In the village about 1 mile from the fighting on the Shomali plain north of Kabul, one mud house was completely crumbled, and another was partly wrecked. In one of the homes hit, the family had been preparing for a wedding, relatives said.
In Washington, the Pentagon said Saturday it had no information on reports that the village had been hit earlier in the day by American warplanes and that there were civilian casualties.
In the worst-hit house, where villagers said a 20-year-old woman was killed and six others hurt, wreckage was scattered. A dusty bicycle and an empty birdcage could be seen.
Four others were injured in the second house, witnesses said.
"I saw it, when the bomb came," said Mohammed Ibrahim, a commander in the anti-Taliban alliance, who was nearby when the airstrike hit. "The world shook." Those living in one of the houses were his cousins, he said.
Saturday's bombardment was the heaviest of the 3-week-old air campaign along the front lines where opposition troops are confronting Taliban troops north of Kabul.
Another alliance commander, 35-year-old Imam Jan, said the strike had been a mistake. He was not angry, he said, but added: "America should not do this again. We're two kilometers from the front lines. Why did they bombard this place?"
A man named Gulkhan, in his 20s, said he had had left one of the houses to buy flour in the bazaar just before the bomb hit. "I heard the sound of the bomb so I ran back," he said. All those injured were his relatives, he said.
The owner of one of the houses, 70-year-old Amin Ullah, described the attack. "The sound was huge. The plane swooped down I could hear it dive," he said. "I heard the huge explosion."
Gulkhan, who like many Afghans uses only one name, said: "Everything was gone."
Saturday marked the first day that this sector of the front line was hit. The anti-Taliban rebels had been pressing for heavier airstrikes against the Taliban, complaining that previous bombardment had not been heavy enough to inflict real damage on them.
Britain's Sky News, reporting on the air strike, said just before it, a U.S. Navy F-18 Hornet could be seen headed in the wrong direction toward an area of the anti-Taliban forces.

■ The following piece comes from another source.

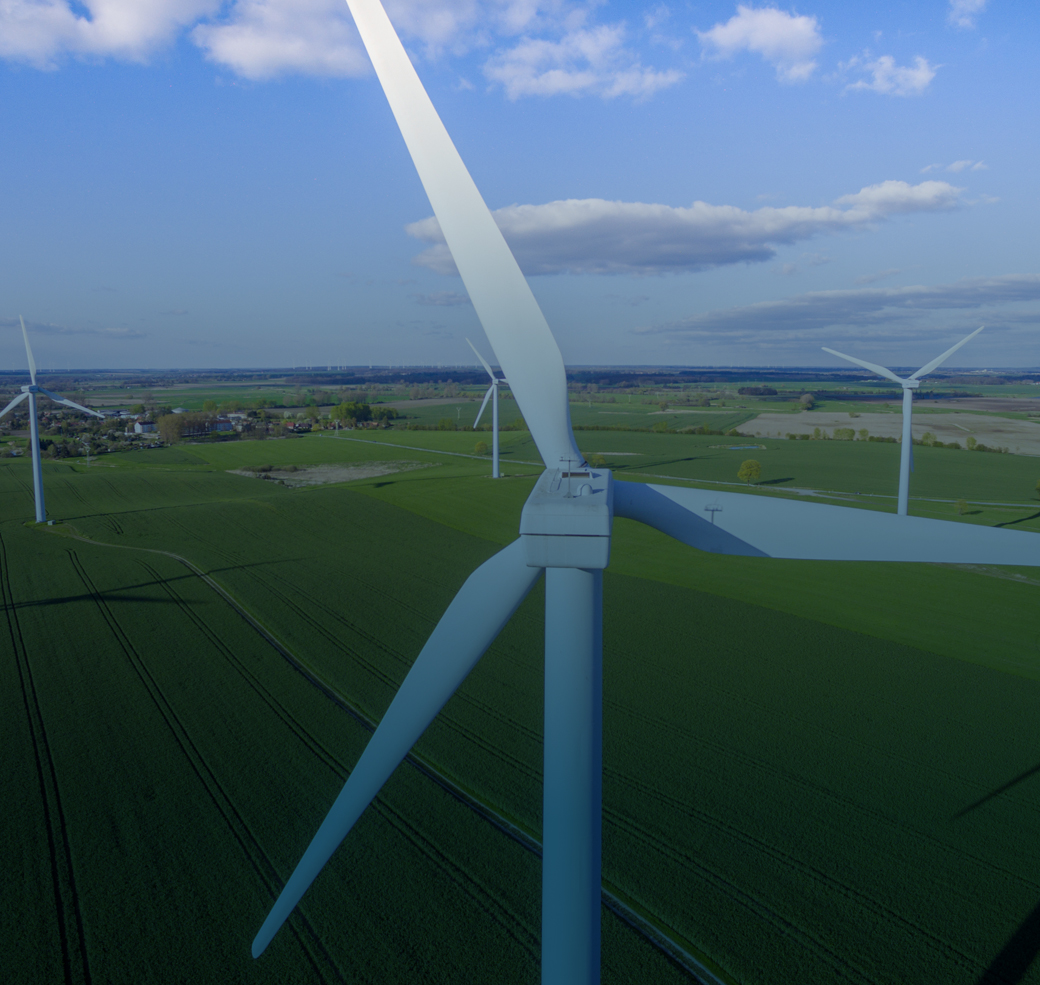 Aerial view of wind turbines in a field.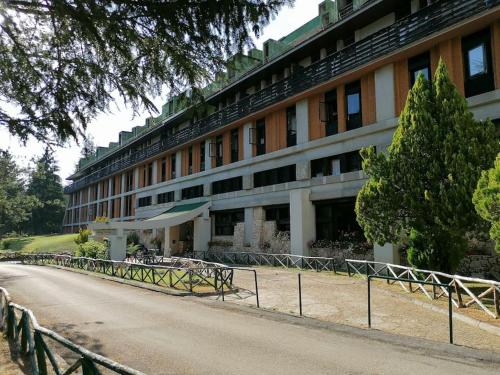 a large building with a road in front of it at Natura, Sport, Relax in Pescasseroli Residence ERICA in Pescasseroli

Moments after the jet fired its missile, it said the opposition's radio reported a bomb hit the village. Sky broadcast pictures from the village showing a young girl with a bloodied face and hand, lying on the ground near piles of rubble and the remaining walls of a house on the edge of the village.
A 7-year-old boy, nestled in the arms of a young man, had cut hands and feet. Nearby, a 22-year-old man, wounded in the abdomen, was shown being transported in a wheelbarrow to the nearest road.
"Why has America attacked us?" an elderly man asked. "We are civilians. We thought America was our friend. Please tell them to stop bombing us."